Devices have their place and their usefulness, but overusing a phone or any device with a screen has real dangers, including:
Studies show that devices negatively impact sleep and prevent us from reaching the deep REM stage. Experts recommend not keeping phones by your bed and powering down ALL screens at least one hour before bedtime.
When you use a device, FCDS Upper School guidance counselor Martha Metzler says, it releases dopamine just like any other addictive activity. Kids are especially vulnerable, because they feel this stimulation of the brain’s pleasure center more than adults do.
Poor self image
Using devices – especially to look at social media sites – actually makes us feel bad about ourselves. “Whether it’s Pinterest mom-guilt or a teenage girl who sees pictures of a swimsuit model who knows how to pose and use filters, it affects self image and body image,” Martha says. “It makes us compare our lives to someone else’s highlight reel.”
Messy social interactions
“Devices are cheating kids out of awkward conversations, like asking a girl out or having to apologize to someone face to face,” Martha says. “They need these messy social interactions to learn to resolve conflict in a healthy way.”

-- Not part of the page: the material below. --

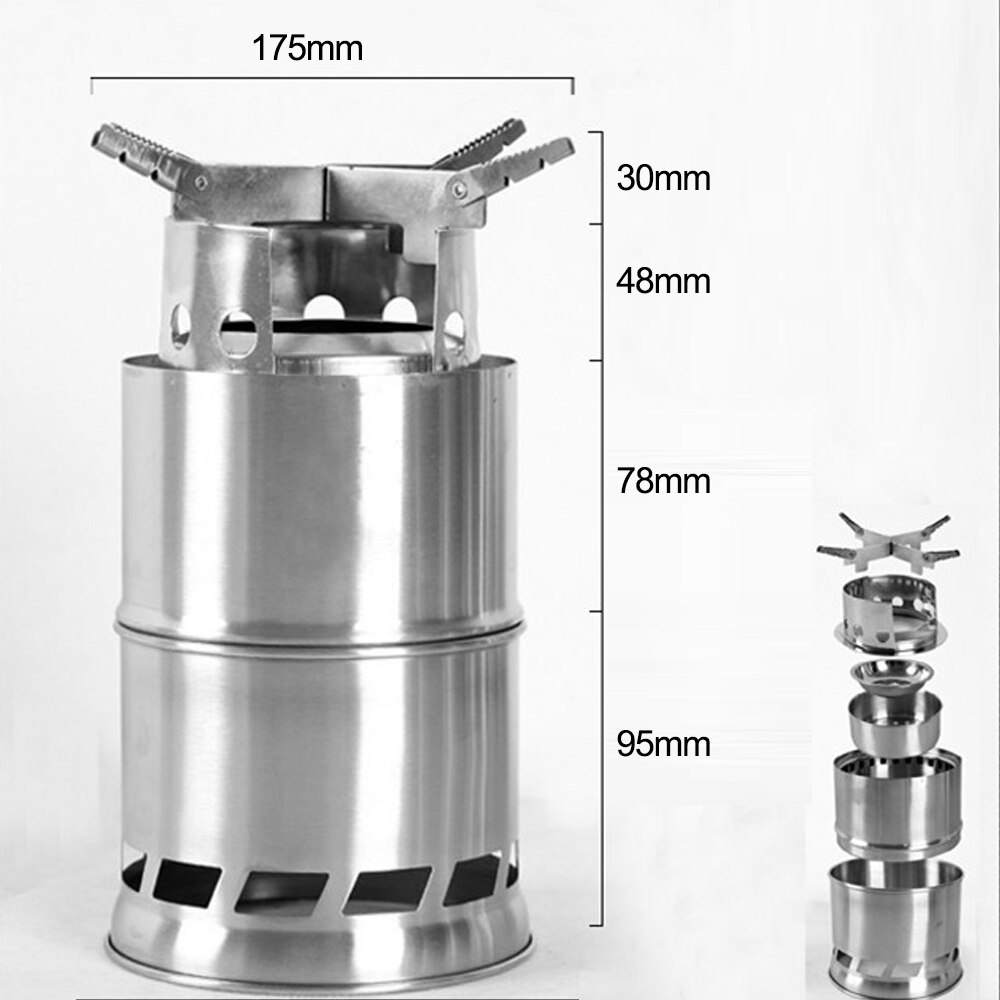 Opvouwbare Camping Hout Brander Kachel Roestvrij Staal Draagbare Outdoor Koken Brander Houtkachel Voor Wandelen Vissen Picknick Bbq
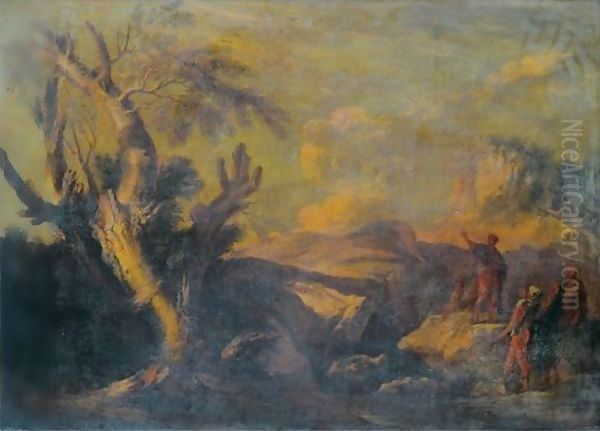 A River Landscape With Fishermen In The Foreground Oil Painting by Salvator Rosa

Here are some easy tips for all families to reduce screen time:
- Create a charging station in your house that is not in anyone’s bedroom. Studies show that keeping your phone charging next to your bed at night leads to sleep deprivation and even prevents you from falling into restorative REM sleep. Establish a docking station in the kitchen or home office where family members dock their phones at night and don’t check them until morning. If you use your phone as an alarm clock, buy a real one instead.
- No phones or devices during meal times. Having real conversation with your family, friends, and colleagues is invaluable.
- Keep your phone out of sight while driving. Place your phone it in a bag if having it on the passenger seat is tempting. Somewhat counterintuitively, there are even apps for this that will send automatic responses to anyone who texts you while you’re driving to let them know that you can’t respond at the moment. Two to try: Cell Control and Drive Safe Mode.
- Establish a household phone/device curfew. Have each member of the family dock their phones on the family docking station by a reasonable time (such as 10:00 p.m. or earlier if you have younger family members). You can even establish “tech-free” family time on a weeknight or weekend day when all family members dock their phones and you spend time together screen-free. Bring back family or friend game night!